* What is required: Starting from the line with "3/4 Shorts Herren" and going up to and including the line with "Green textured bag", copy the listing below exactly. Leave all images out.

* Material for the task:
★ ★ ★ ★ ★ ★ ★
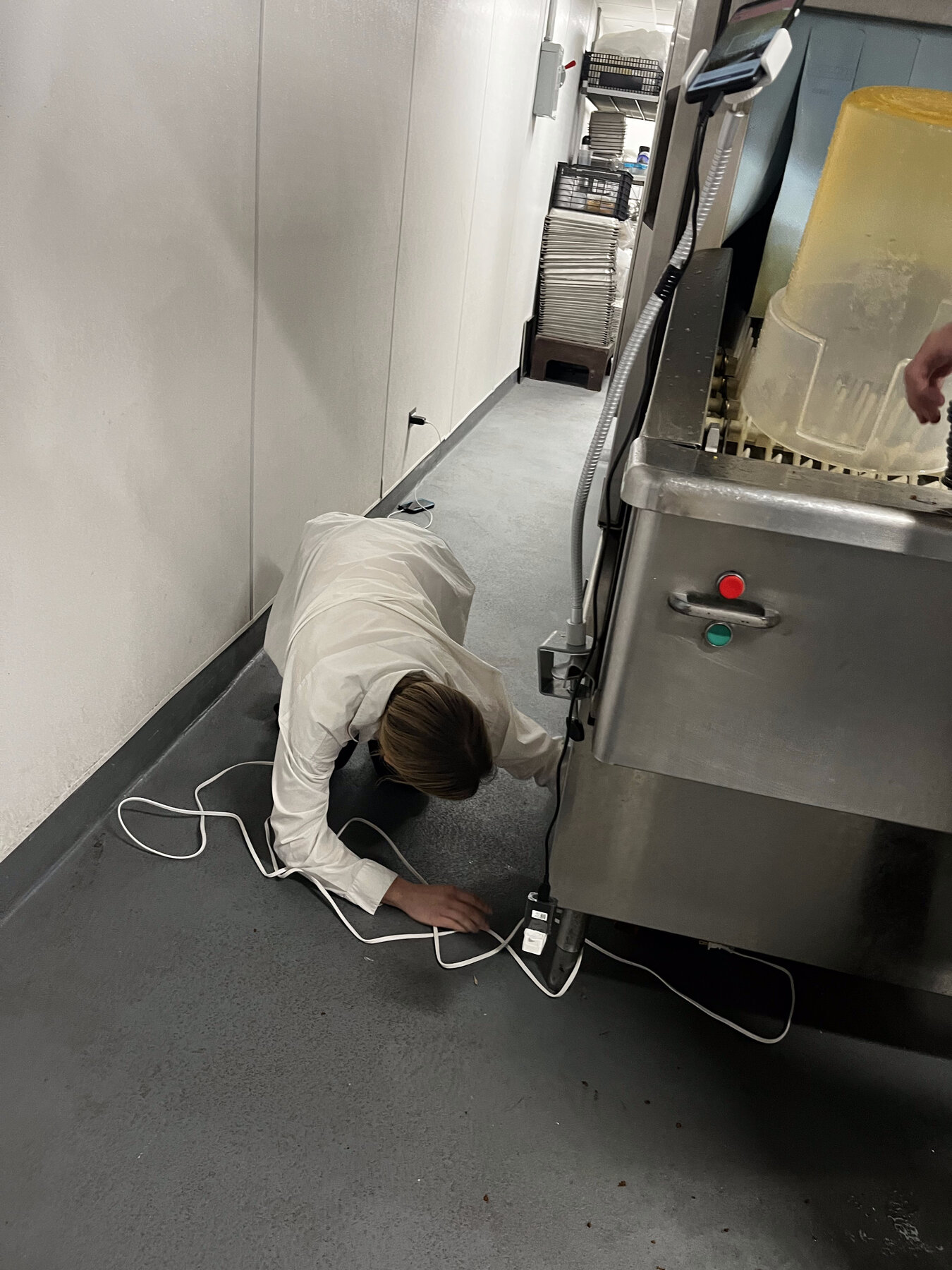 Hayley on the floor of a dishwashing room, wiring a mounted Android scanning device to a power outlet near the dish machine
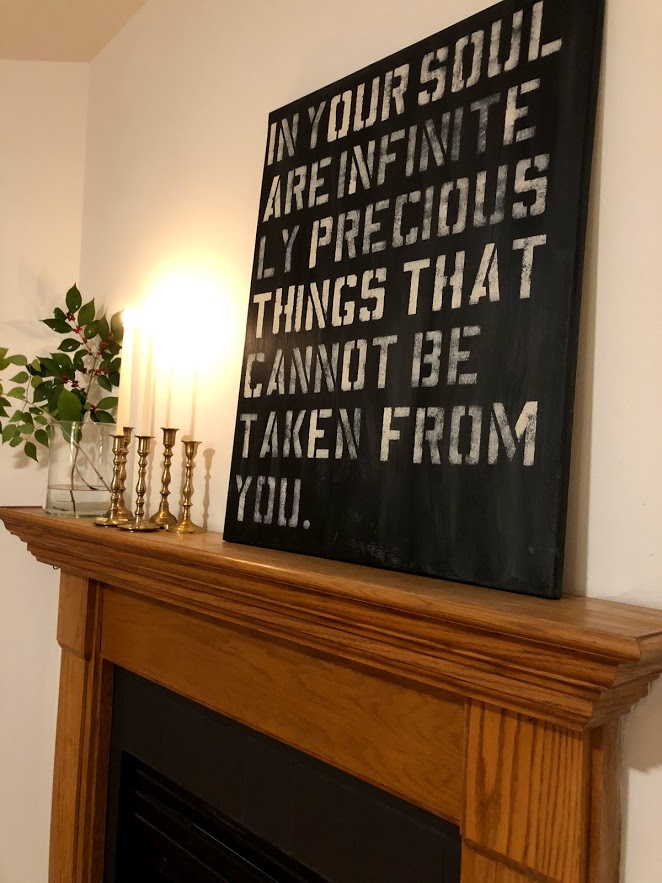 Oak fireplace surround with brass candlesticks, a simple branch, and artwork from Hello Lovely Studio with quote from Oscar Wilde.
★ ★ ★ ★ ★ ★ ★
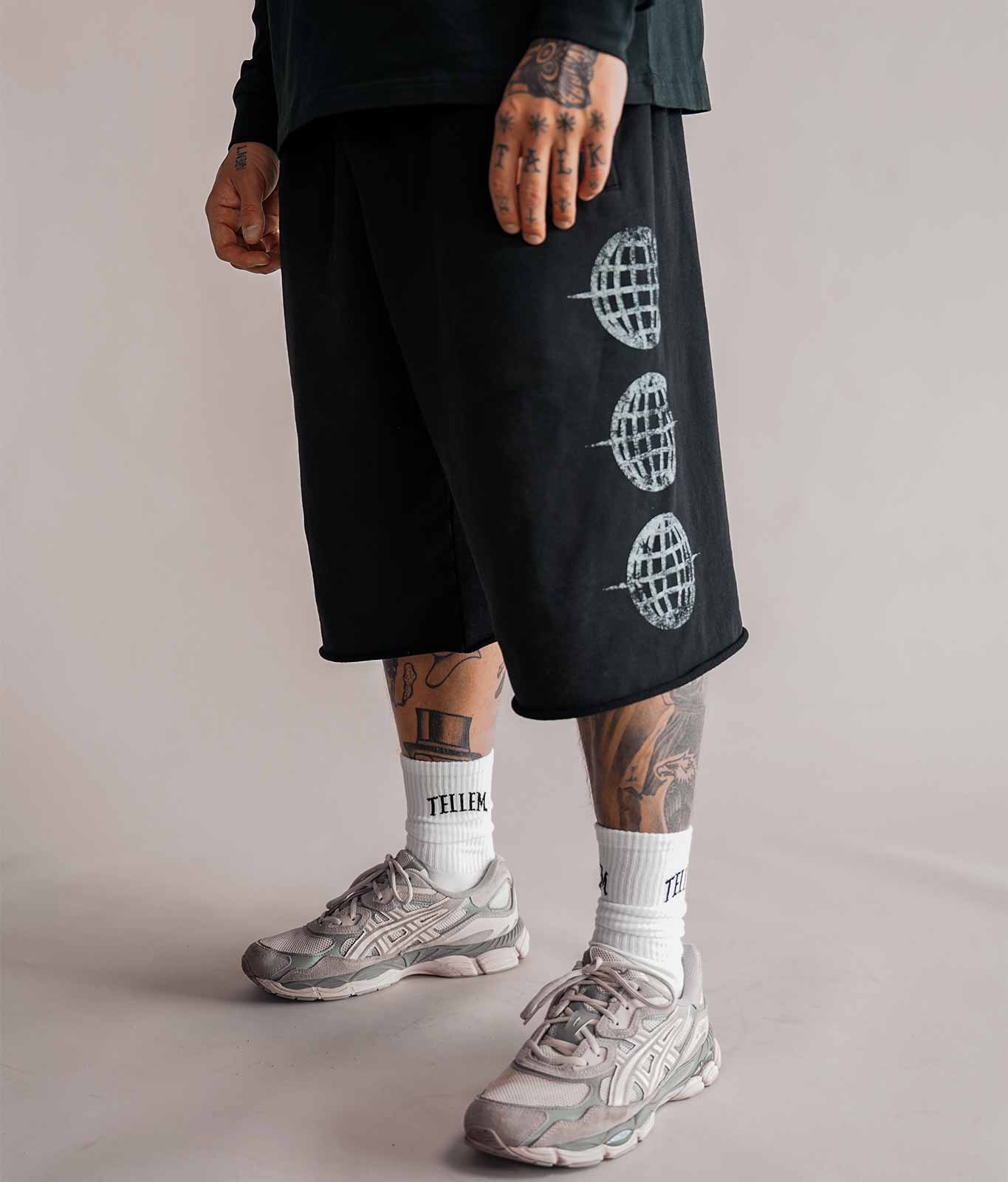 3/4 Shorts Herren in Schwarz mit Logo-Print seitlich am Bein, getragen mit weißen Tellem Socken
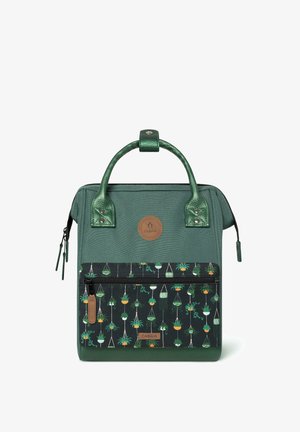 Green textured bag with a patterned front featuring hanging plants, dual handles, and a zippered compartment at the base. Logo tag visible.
★ ★ ★ ★ ★ ★ ★
* Your response:
 3/4 Shorts Herren in Schwarz mit Logo-Print seitlich am Bein, getragen mit weißen Tellem Socken
 Green textured bag with a patterned front featuring hanging plants, dual handles, and a zippered compartment at the base. Logo tag visible.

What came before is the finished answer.